Mahesh Rangarajan is Professor of Environmental Studies and History at Ashoka University, Sonipat, Haryana. Prior to this, he was Professor of Modern Indian History at the University of Delhi.  He has also taught at Cornell University, Jadavpur University, and the National Center for Biological Sciences, Bengaluru.  Prof. Rangarajan served as Director of the Nehru Memorial Museum and Library, New Delhi, from 2011 to 2015 and as the VC of Krea University in 2021- 22.  He is the author of Nature and Nation (2015), Nature Without Borders (2014), and India’s Wildlife History (2001).  He has also co- authored  People, Parks and Wildlife: Towards Co-existence (2000). His coedited works are The Oxford Anthology of Indian Wildlife in 2 volumes (1999), Battles over Nature (2003), Making Conservation work (2007), Environmental History as if Nature Existed (2010), Shifting Ground (2014), Nature without Borders (2014) , At Nature’s Edge (2018). His new book, Nature Contested is currently in press. Mahesh did his BA from Delhi University; he holds an MA and DPhil from the University of Oxford where he was a Rhodes Scholar. In 2021 he was elected Foreign Member of the American Historical Association, the fourth Indian to be named so.

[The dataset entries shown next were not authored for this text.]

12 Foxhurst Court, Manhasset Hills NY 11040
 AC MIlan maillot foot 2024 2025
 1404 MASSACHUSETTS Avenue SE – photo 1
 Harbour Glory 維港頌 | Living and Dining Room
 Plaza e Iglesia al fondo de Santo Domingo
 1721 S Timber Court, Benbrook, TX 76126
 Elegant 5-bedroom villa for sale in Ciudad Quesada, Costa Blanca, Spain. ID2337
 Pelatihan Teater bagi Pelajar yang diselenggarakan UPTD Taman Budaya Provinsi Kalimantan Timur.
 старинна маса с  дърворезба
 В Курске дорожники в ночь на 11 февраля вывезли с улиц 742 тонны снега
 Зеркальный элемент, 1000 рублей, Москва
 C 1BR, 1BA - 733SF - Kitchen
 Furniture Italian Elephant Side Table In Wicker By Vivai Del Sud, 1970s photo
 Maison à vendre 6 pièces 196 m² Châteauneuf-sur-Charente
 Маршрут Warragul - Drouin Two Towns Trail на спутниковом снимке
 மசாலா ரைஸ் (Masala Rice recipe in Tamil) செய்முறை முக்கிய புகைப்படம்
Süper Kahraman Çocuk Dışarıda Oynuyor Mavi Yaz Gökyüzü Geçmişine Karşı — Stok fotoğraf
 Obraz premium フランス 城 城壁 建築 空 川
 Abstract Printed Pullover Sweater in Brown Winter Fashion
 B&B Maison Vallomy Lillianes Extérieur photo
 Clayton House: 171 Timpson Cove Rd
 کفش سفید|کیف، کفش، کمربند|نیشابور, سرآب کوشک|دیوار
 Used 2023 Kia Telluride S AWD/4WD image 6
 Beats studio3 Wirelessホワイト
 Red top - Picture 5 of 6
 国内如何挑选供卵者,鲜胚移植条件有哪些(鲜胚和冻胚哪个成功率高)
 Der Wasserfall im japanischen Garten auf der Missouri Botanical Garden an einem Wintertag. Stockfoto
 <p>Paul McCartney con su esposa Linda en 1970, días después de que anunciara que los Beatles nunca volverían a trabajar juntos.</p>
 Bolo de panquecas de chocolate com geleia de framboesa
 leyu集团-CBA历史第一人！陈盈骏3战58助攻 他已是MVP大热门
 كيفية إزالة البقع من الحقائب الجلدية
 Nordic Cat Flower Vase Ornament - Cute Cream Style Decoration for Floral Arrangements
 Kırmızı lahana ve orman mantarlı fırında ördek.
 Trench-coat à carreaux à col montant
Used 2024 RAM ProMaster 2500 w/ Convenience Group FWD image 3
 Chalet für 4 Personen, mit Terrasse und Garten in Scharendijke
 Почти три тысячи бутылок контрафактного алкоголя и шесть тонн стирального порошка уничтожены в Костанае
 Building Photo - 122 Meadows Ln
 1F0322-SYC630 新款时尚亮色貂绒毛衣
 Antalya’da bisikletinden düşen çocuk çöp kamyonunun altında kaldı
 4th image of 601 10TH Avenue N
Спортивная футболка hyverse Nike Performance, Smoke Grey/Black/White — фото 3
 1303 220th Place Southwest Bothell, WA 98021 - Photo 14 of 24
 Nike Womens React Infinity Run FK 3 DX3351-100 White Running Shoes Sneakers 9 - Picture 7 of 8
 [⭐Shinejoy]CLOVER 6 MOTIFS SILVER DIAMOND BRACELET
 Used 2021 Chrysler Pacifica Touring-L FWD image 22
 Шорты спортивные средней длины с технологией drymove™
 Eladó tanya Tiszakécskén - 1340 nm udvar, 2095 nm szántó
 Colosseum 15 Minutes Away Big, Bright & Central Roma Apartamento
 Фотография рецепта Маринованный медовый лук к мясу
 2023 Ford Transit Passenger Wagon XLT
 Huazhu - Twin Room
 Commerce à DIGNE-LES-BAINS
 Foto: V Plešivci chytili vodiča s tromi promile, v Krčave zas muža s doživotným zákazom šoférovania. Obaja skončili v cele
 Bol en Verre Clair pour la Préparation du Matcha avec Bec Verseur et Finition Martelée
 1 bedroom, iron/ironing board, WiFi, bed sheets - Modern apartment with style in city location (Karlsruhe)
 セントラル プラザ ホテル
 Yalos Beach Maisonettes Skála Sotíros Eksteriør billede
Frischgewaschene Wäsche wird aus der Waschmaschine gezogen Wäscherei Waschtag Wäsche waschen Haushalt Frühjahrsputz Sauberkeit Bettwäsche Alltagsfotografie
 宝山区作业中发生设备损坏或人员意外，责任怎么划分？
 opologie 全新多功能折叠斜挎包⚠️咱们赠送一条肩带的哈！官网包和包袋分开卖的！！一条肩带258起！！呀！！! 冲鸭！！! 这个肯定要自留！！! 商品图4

We live in epochal times not only in political or economic but also ecological sense. 75 years after independence, India is a political democracy with an economy growing at 4.5 per cent for over four decades. But along with challenges of deprivation and inequality are environmental issues.  The latter relate not only to species extinction or climate change , air, and water contamination or mangrove loss but to a larger question. It may be summarised as how far a peace with nature can underpin societal challenges. A safe, livable, and habitable ecosystem that includes not only humans but other life forms is as elusive as it is vital. India’s imperial legacy as well as specific development choices in the last century mean there is no clean slate to start on. Yet, as the talk hopes to show, there are ways to draw on past debates and initiatives to pose questions afresh.

The past cannot offer any easy cut and paste lessons. But it can help ask how and why we got here and inform us on where to go and how. A life of material and human dignity for all is much a question of ecological as of the human sciences. What better place to begin than an informed view of how nature’s pasts shaped the present?